Table 1 shows the difference in original and rotated roots when the estimated root is rotated back. The planar diffusion shows a considerable difference in the estimate of the latitude, while it does not for the spherical diffusion estimate. The spherical diffusion model shows smaller standard deviation, possibly due to a different parameterisation than the planar model. Both models contain the original root location in the 95% highest probability density (HPD) interval, except when the tip locations are 90°rotated, then the planar diffusion model does not contain the root location any more. The spherical diffusion model has a considerably lower bias than the planar model. Longitude estimates for both models are very close to the expected value for both models. Note that 95% HPD interval sizes are comparable for both diffusion models at lower amount of rotations, but are erratic at higher amount of rotation for planar diffusion.
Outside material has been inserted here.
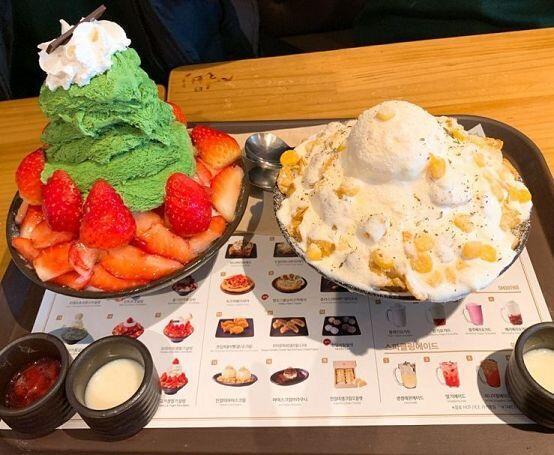설빙 딸기트리빙수였나..?하고 콘치즈빙수 크레페 설빙 마시멜로 어쩌구..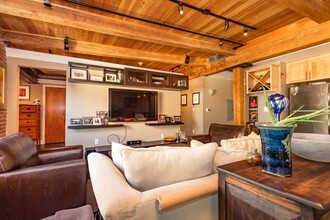 90 Wareham St, Unit 206 in Boston, MA - Building Photo - Building Photo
Table 1. Difference in root location between unrotated and rotated cases for planar and spherical diffusion models.

The numbers in brackets represent the 95% HPD for the difference of expected and estimated angle.

Angle	Diffusion on plane				Diffusion on sphere
	Δ latitude		Δ longitude		Δ latitude		Δ longitude
0	0.00	(−2.19, 2.26)	0.01	(−1.94, 1.86)	−0.03	(−2.11, 1.82)	0.01	(−1.83, 1.99)
10	0.02	(−2.22, 2.22)	0.00	(−1.87, 1.89)	−0.05	(−2.84, 2.52)	0.03	(−2.95, 2.42)
20	0.07	(−2.21, 2.21)	0.00	(−1.91, 1.87)	−0.02	(−2.20, 2.69)	0.01	(−2.45, 2.70)
30	0.11	(−2.04, 2.42)	0.00	(−1.86, 1.88)	−0.09	(−2.42, 2.52)	0.10	(−2.42, 2.42)
40	0.16	(−2.16, 2.32)	−0.02	(−1.97, 1.84)	−0.17	(−2.81, 2.18)	−0.03	(−2.43, 2.23)
50	0.18	(−2.06, 2.38)	0.00	(−1.86, 1.88)	−0.04	(−2.45, 2.10)	−0.09	(−2.07, 2.31)
60	0.25	(−2.01, 2.50)	0.00	(−1.84, 1.94)	−0.20	(−2.51, 1.68)	0.00	(−2.11, 1.82)
70	0.37	(−1.92, 2.54)	0.01	(−1.91, 1.90)	−0.18	(−2.01, 1.79)	−0.01	(−1.72, 1.79)
80	0.68	(−1.56, 2.92)	−0.03	(−1.99, 1.93)	−0.22	(−2.03, 1.65)	0.06	(−1.35, 1.42)
90	4.54	(3.25, 5.02)	0.02	(−3.96, 3.56)	−0.01	(−1.44, 1.36)	0.00	(−1.08, 1.01)

Open in a new tab

Furthermore, the planar diffusion model has different likelihoods and posteriors, while the spherical diffusion model’s posterior is invariant under rotation of the taxa. This is illustrated by Fig. 6 that shows posteriors for all rotated instances. The ones for planar diffusion are clearly distinguishable while the ones for spherical diffusion are too similar to be separated.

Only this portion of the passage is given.